Return the full listing unchanged, apart from leaving out its images.

### [Material provided]
───

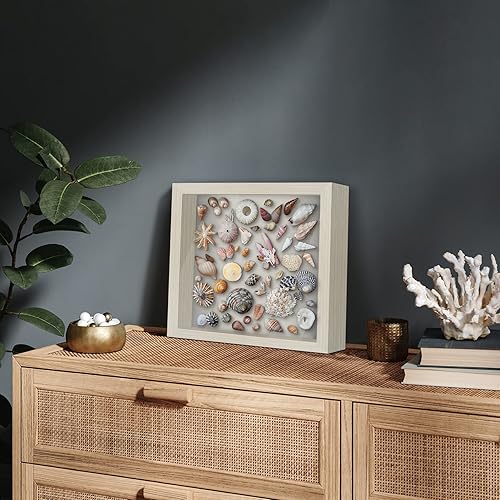 Miniatura 6 de Americanflat Marco de caja de sombra de 11 x 11 pulgadas en madera clara con parte trasera de lino suave, madera compuesta con vidrio pulido para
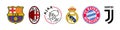 Top logo of football clubs: Barcelona, Milan, Ajax, Real Madrid, Bayern Munich, Juventus. Kyiv, Ukraine - October 31, 2020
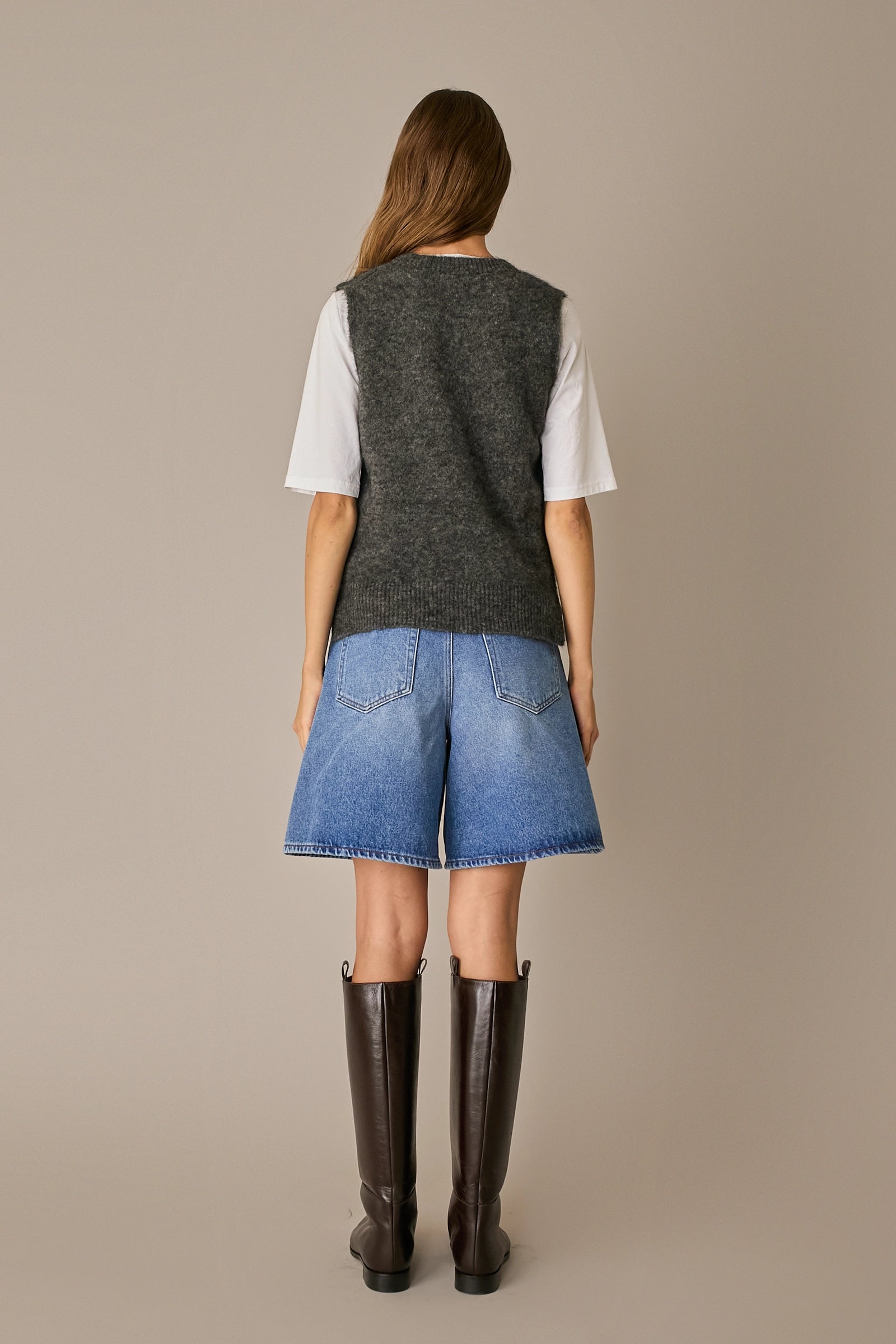 Gilet in mohair con scollo a V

───

### [Result for this task]
 Miniatura 6 de Americanflat Marco de caja de sombra de 11 x 11 pulgadas en madera clara con parte trasera de lino suave, madera compuesta con vidrio pulido para
 Top logo of football clubs: Barcelona, Milan, Ajax, Real Madrid, Bayern Munich, Juventus. Kyiv, Ukraine - October 31, 2020
 Gilet in mohair con scollo a V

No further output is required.